# Lost AT bent shaft paddle on lower Gore Creek



## blurredelevens (Jun 23, 2005)

Has my name Brett on it, along with my cell number. 
Many beers headed your way. THanks!


----------



## blurredelevens (Jun 23, 2005)

bump to the top. really kinda surprised no one has called and returned it to me.
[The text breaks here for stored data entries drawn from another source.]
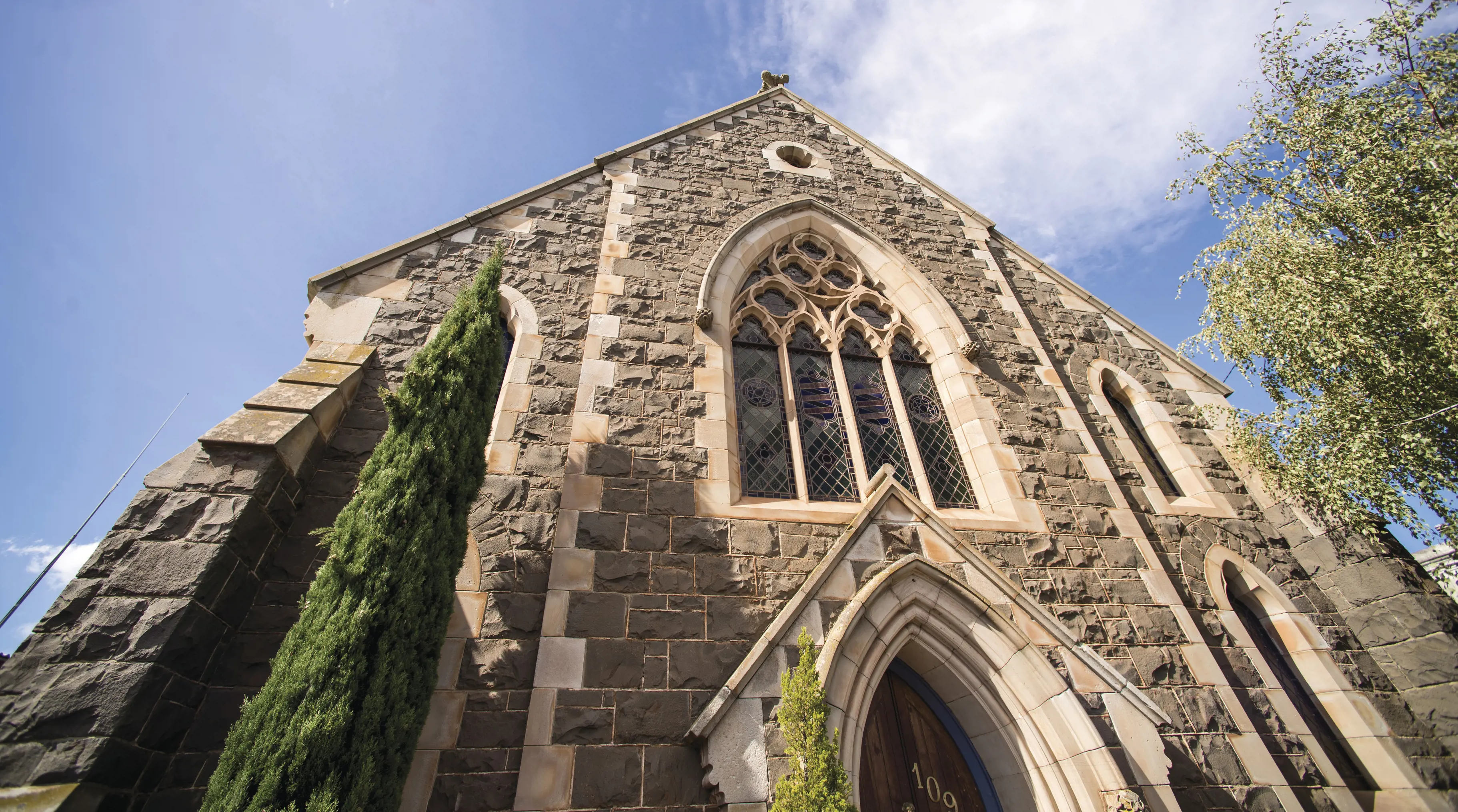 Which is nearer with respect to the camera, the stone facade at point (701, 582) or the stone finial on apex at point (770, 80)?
the stone facade at point (701, 582)

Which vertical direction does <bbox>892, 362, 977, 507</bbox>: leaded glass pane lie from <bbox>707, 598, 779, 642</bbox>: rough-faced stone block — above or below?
above

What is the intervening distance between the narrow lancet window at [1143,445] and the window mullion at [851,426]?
332 centimetres

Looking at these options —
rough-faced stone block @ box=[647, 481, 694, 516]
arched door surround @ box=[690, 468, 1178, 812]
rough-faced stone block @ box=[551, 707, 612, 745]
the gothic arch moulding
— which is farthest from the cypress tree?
the gothic arch moulding

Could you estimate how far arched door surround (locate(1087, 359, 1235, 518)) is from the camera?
6355 mm

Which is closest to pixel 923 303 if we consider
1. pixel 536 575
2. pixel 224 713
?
pixel 536 575

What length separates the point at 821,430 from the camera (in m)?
6.15

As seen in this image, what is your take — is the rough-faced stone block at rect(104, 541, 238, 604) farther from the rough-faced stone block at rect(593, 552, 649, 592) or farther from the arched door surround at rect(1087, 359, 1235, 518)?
the arched door surround at rect(1087, 359, 1235, 518)

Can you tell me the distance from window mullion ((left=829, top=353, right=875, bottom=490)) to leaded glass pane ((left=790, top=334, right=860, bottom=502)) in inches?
1.4

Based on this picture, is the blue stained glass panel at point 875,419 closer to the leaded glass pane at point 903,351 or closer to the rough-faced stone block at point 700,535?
the leaded glass pane at point 903,351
REWARD!


----------



## blurredelevens (Jun 23, 2005)

I'm pretty sure this paddle made it's way to the Eagle.
Is there some hole down there full of everyones gear?

I need my paddle!


----------



## outdoormikeg (Oct 11, 2003)

Yea it could be in Arizona by now... ;-)

I once lost a paddle on the Eagle that got jammed into a diversion dam on it's way down river and didn't show up until the water came down.

The Eagle seems to be on it's way down so maybe it will turn up when the water comes down more.


----------



## blurredelevens (Jun 23, 2005)

outdoormikeg said:


> Yea it could be in Arizona by now... ;-)
> 
> I once lost a paddle on the Eagle that got jammed into a diversion dam on it's way down river and didn't show up until the water came down.
> 
> The Eagle seems to be on it's way down so maybe it will turn up when the water comes down more.


I hope you're right.

On the other hand, if I see someone else paddling with it, I'm going to take it back and beat them with it. 
:twisted::mrgreen:


----------



## blurredelevens (Jun 23, 2005)

Still have hope!


----------